OMAHA (DTN) -- Pointing to looming signs of demand weakness for dairy products, coupled with higher milk production, a University of Minnesota agricultural economics professor urged dairy farmers on Friday to enroll in USDA's Dairy Margin Coverage (DMC) program for 2021.

With the enrollment deadline a week away, USDA officials are asking dairy farmers to sign up for DMC as enrollment for 2021 so far remains low.

Marin Bozic, speaking to reporters in an event set up by USDA's Farm Service Agency, said dairy farmers are leaving money on the table if they are not signed up for DMC in 2021. He also stressed that bankers should be encouraging their dairy clients to enroll.

"It should be a cornerstone of their risk-management strategy for 2021," Bozic said.

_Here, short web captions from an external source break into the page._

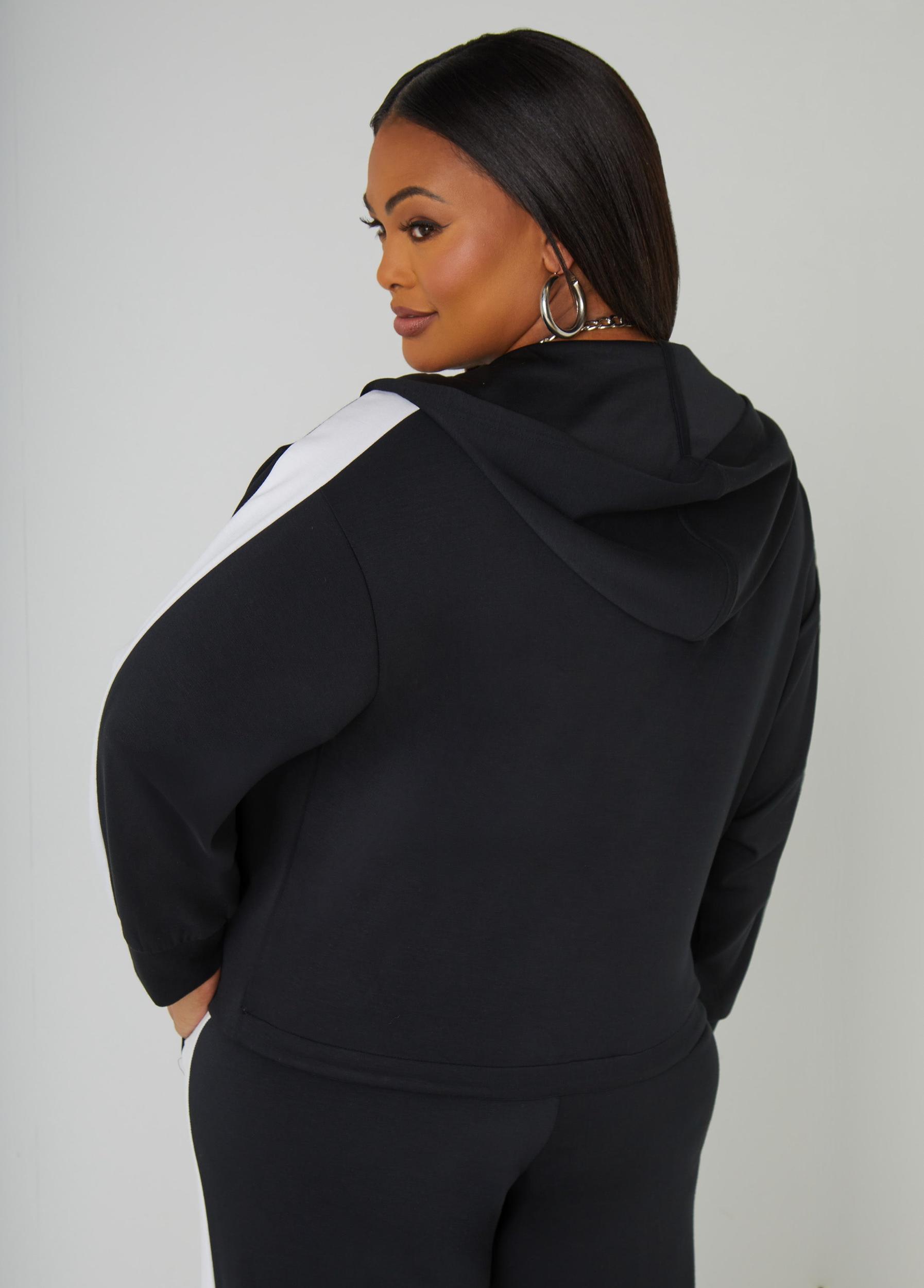 Plus Size Hooded Faux Wrap Top Ashley Stewart Product Image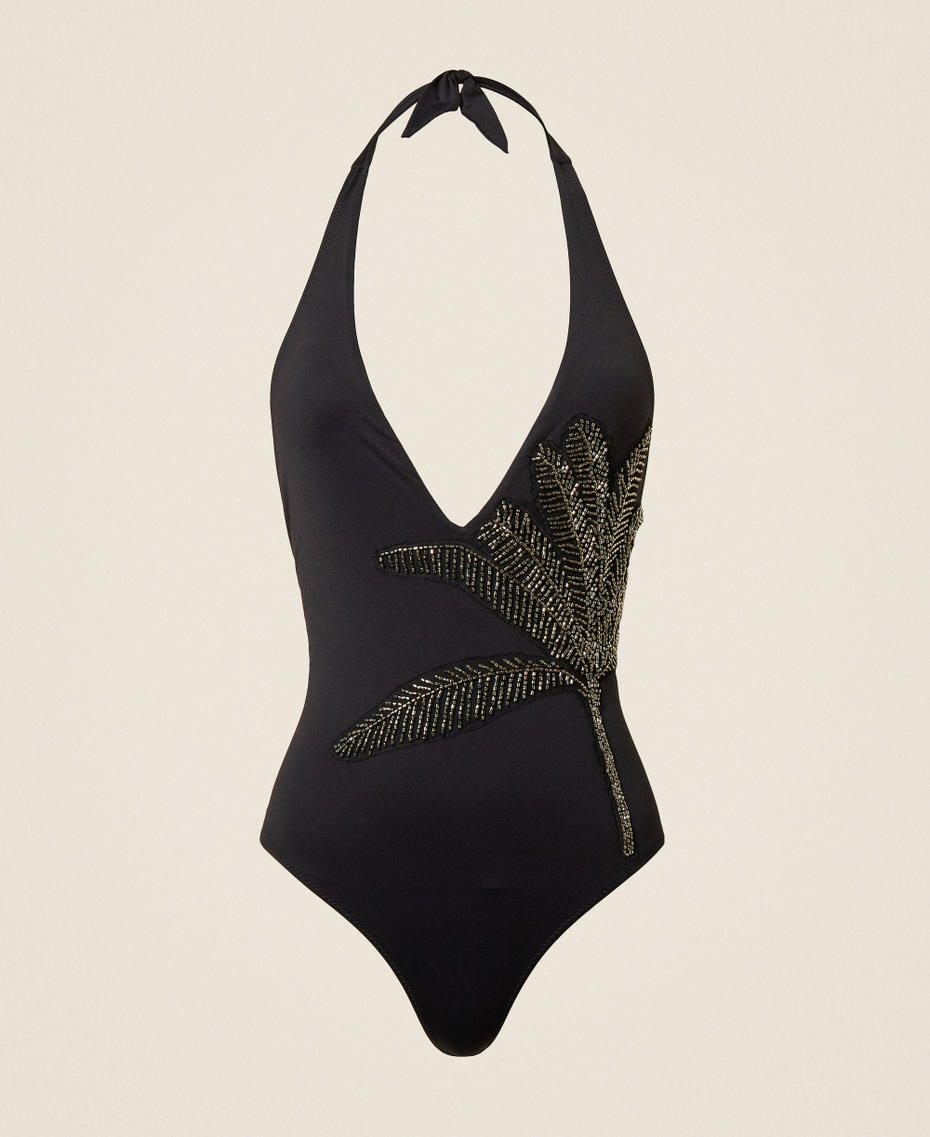 Badeanzug mit aufgesticktem Patch Zweifarbig Schwarz / "Antracit" Grau Frau 261LMMF00_05294_S0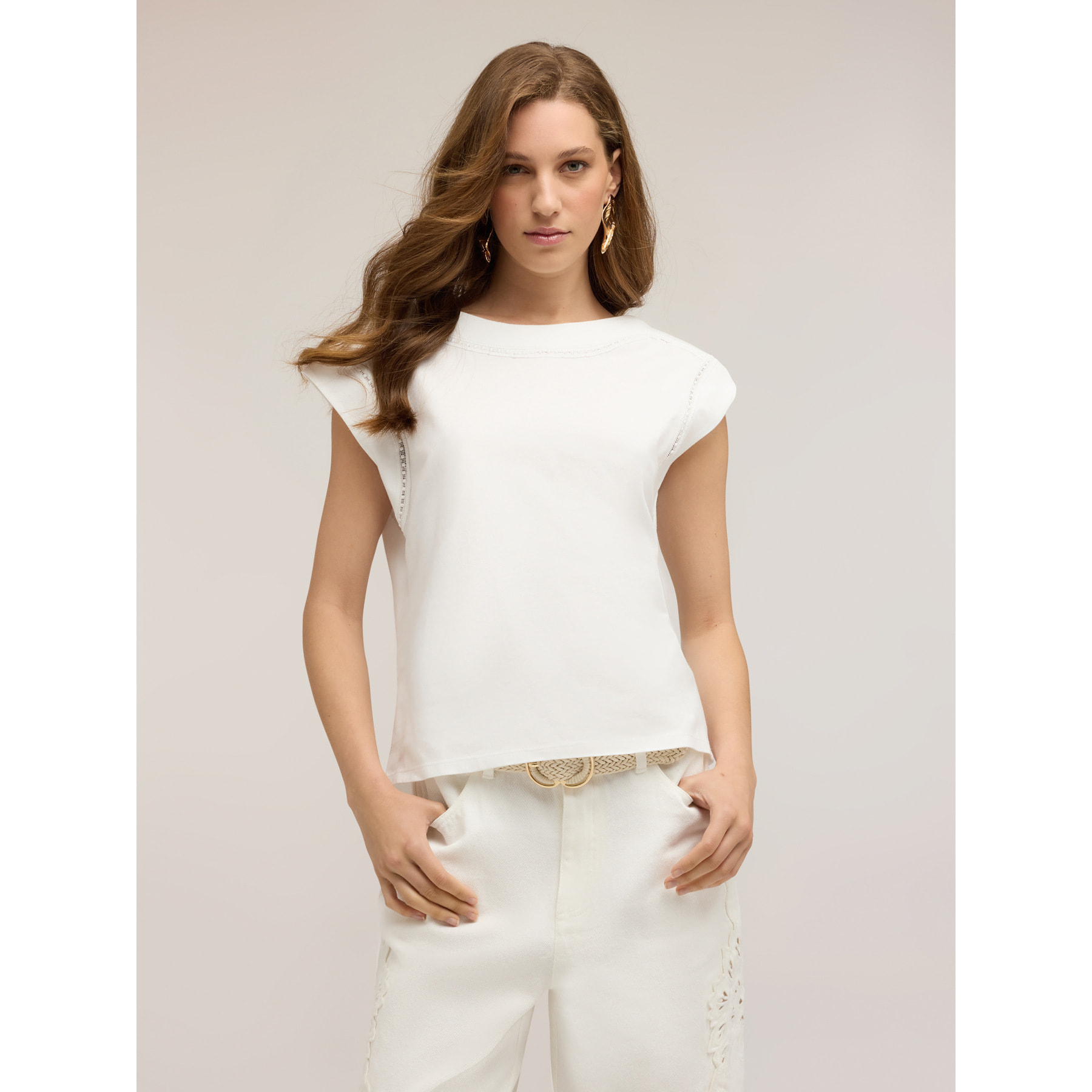 Motivi - T-shirt a kimono con ricami - Bianco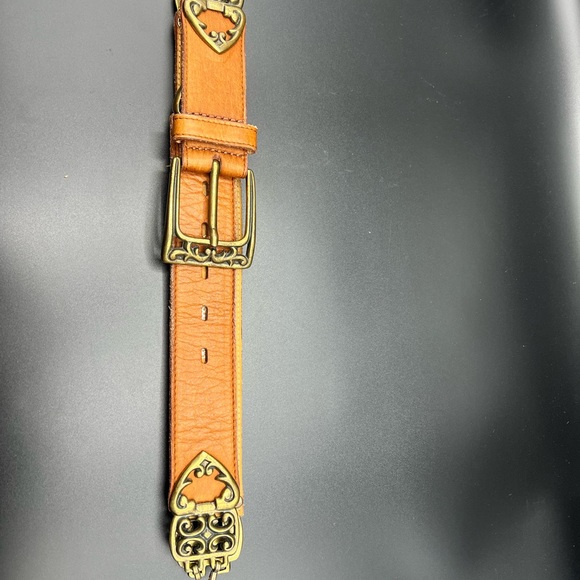metal accent brown leather womens belt made in colombia size small One Of A Kind - Picture 7 of 15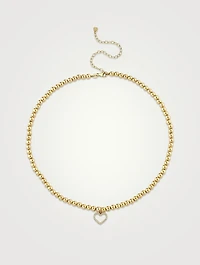 14K Gold Beaded Choker With Open Heart And Pavé Diamonds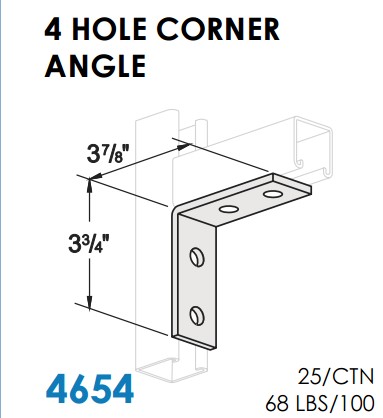 STRUT CORNER ANGLE BRACKET 4 HOLE, 90 D, 3-7/8" X 3-3/4" ZP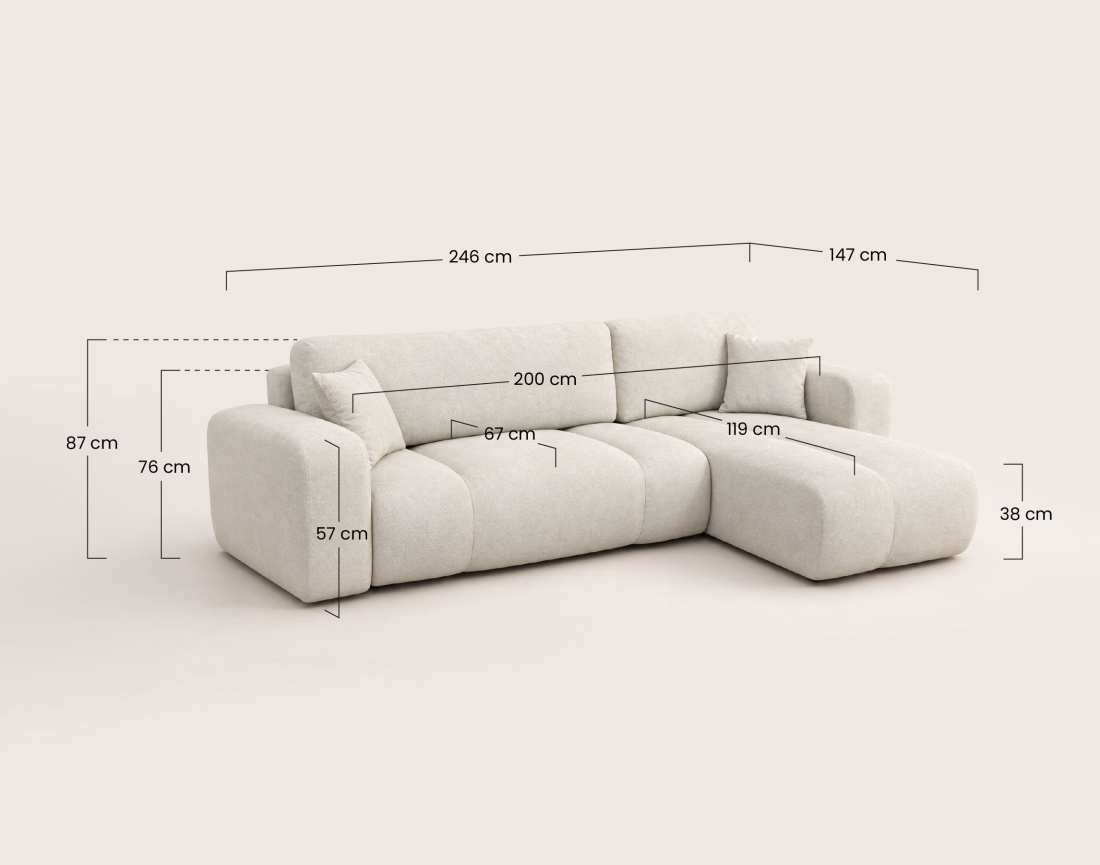 Canapé MANON d'angle réversible 4 places convertible avec coffre en tissu | Best Mobilier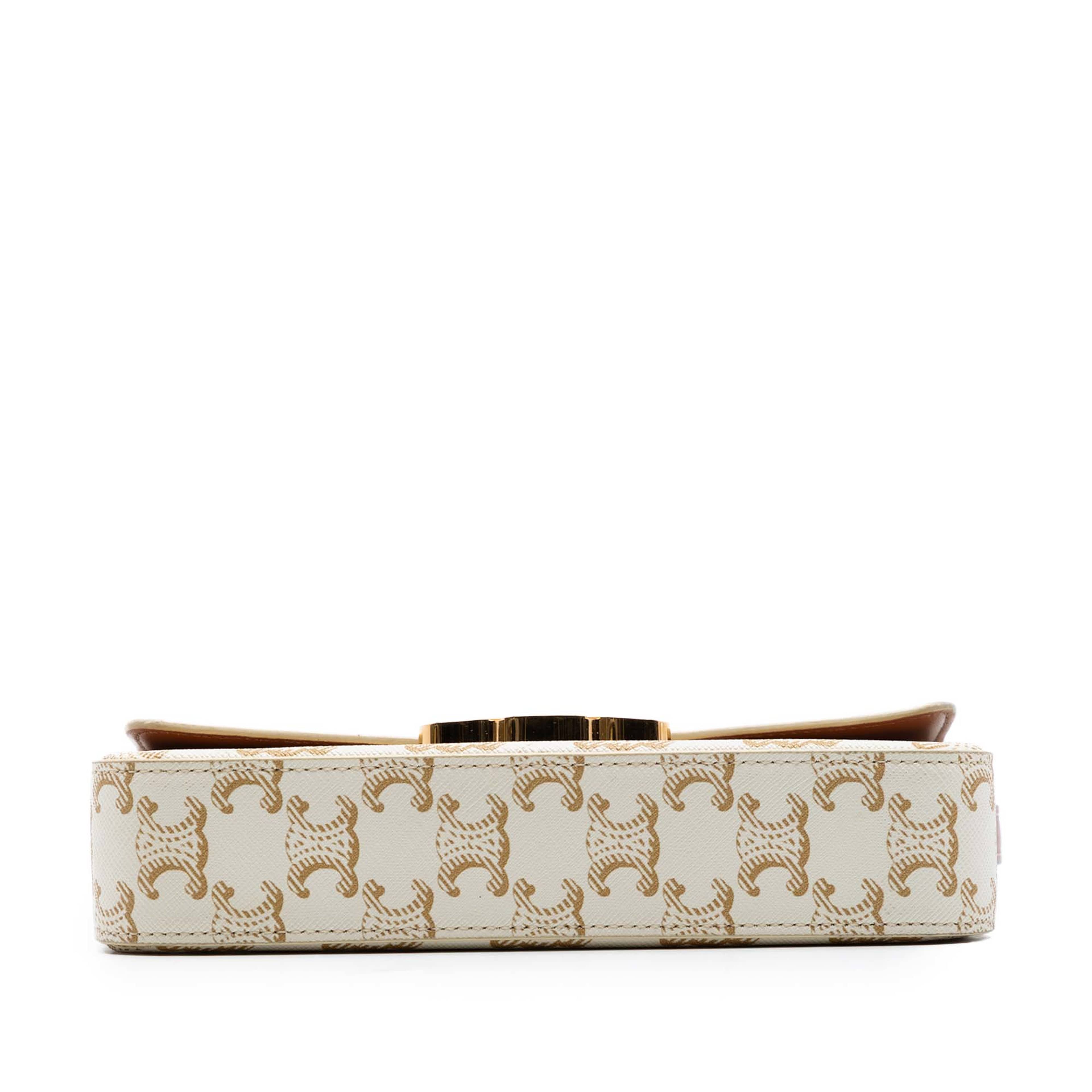 Celine Triomphe Coated Canvas Claude Shoulder Bag, från Luxclusif, i färgen white. Klicka för att öppna bilden i stort format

Despite multiple vaccines expected to start boosting immune systems of people in the coming months, Bozic emphasized it could be next summer before the general population is vaccinated. In the near term, the high rates of infections, hospitalizations and deaths nationally effectively also hit dairy demand. Dairy sales may need to rely on some type of aid program that continues to provide more dairy products to consumers, such as a continuation of USDA's Farmers to Families Box program. So far, Bozic said the incoming Biden administration has not signaled a willingness to continue that program.

On the other hand, milk production grew in September and October by at least 2.3% from 2019 production. Nationally, dairy growth over 2% like that "is a red flag and may induce or depress prices over the next six to nine months," Bozic said. Several states are seeing high dairy growth at the moment. Lower dairy cattle slaughter also signals herd expansion, he said. A new cheese plant in Michigan and some increased processing in states such as Minnesota also will lead to higher production.

"That also does not bode well for dairy prices in the first or second quarter next year," Bozic said, adding prices would be depressed if exports do not rise.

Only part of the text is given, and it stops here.